In “Brokeback Mountain,” Ennis del Mar and Jack Twist fall in love while working as ranch hands on Brokeback Mountain in Wyoming. At the end of the summer, they part ways and attempt to start separate, conventional (i.e., heterosexual) lives, marrying women and having children. Four years later, when the two men meet again and still want each other more than anything, Jack raises the possibility that they could live together and start a business. Ennis, however, firmly rejects the idea—it’s the 1960s in Wyoming, and homosexuality is forbidden and dangerous. Besides, they have obligations to their wives and children, and Ennis doesn’t want to be a social outcast. Choosing a more conventional life over the life they both truly want could be seen as a rational decision, but it doesn’t lead them to happiness. Being unable to build a life together casts a long and dark shadow on their relationship, but their frustrated desire also prevents them from living and enjoying the lives they have chosen instead. Therefore, Proulx shows how rejecting the opportunity to fulfill a deep desire in favor of bending to social expectations leads to tragic results.

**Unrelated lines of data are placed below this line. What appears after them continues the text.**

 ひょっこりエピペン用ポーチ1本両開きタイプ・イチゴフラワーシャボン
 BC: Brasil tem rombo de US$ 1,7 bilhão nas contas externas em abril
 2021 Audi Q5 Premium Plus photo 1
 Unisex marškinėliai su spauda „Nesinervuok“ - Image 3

From the beginning of their love affair, Ennis and Jack try and fail to repress their desire for one another. For example, the first time the men part ways to return to their more conventional lives, Ennis feels a physical pain that he mistakes for food poisoning. His desire for Jack is so strong that it affects his mind and his body. Furthermore, when they finally see each other for the first time after four years, they embrace and, without thinking, kiss passionately, even though Ennis’s wife Alma is nearby. This flagrant display of affection catches them both by surprise, which shows that their desire is automatic and cannot be rationally controlled.

Despite their uncontrollable desire, Ennis’s decision to live separately from Jack is a deliberate and even rational choice in the sense that it prioritizes safety, family, and community. When Ennis was a child, his father took him to see the mutilated corpse of a local gay man (one living in a thinly-veiled domestic partnership akin to the one Jack proposes), which made Ennis acutely aware that expressing homosexual desire could get him killed. Thus, Ennis’s refusal to live with Jack can be seen as a fervent wish for their mutual safety. Furthermore, Ennis feels strongly about his obligation towards his wife and children. He has made a commitment to them and feels responsible for supporting them, so leaving his job and family to elope with Jack strikes Ennis as irresponsible and even immoral.

While Ennis’s decision not to live with Jack can clearly be seen as both moral and rational, he comes to regret repressing his desire. This is, in part, due to the fact that the life he believed he was choosing—a life of family, community, and safety—proves unattainable as a direct consequence of his repressed desire, which destroys his marriage. Ennis and his wife divorce because she can tell that Ennis wants Jack more than her (he takes many trips with Jack, for example, but never takes his wife and children on holidays). Furthermore, Ennis and Jack are never really able to fit into society and find a community, even though they try to present themselves as “normal” and heterosexual. Ennis remains single and drifts from job to job, while Jack has extramarital affairs, a vague managerial role in his wife’s company, and his father-in-law never accepts him. Thus, even though Ennis thinks he is sparing both of their lives by choosing not to live together as gay men, Jack is still murdered by homophobes and Ennis is left lonely and full of regret.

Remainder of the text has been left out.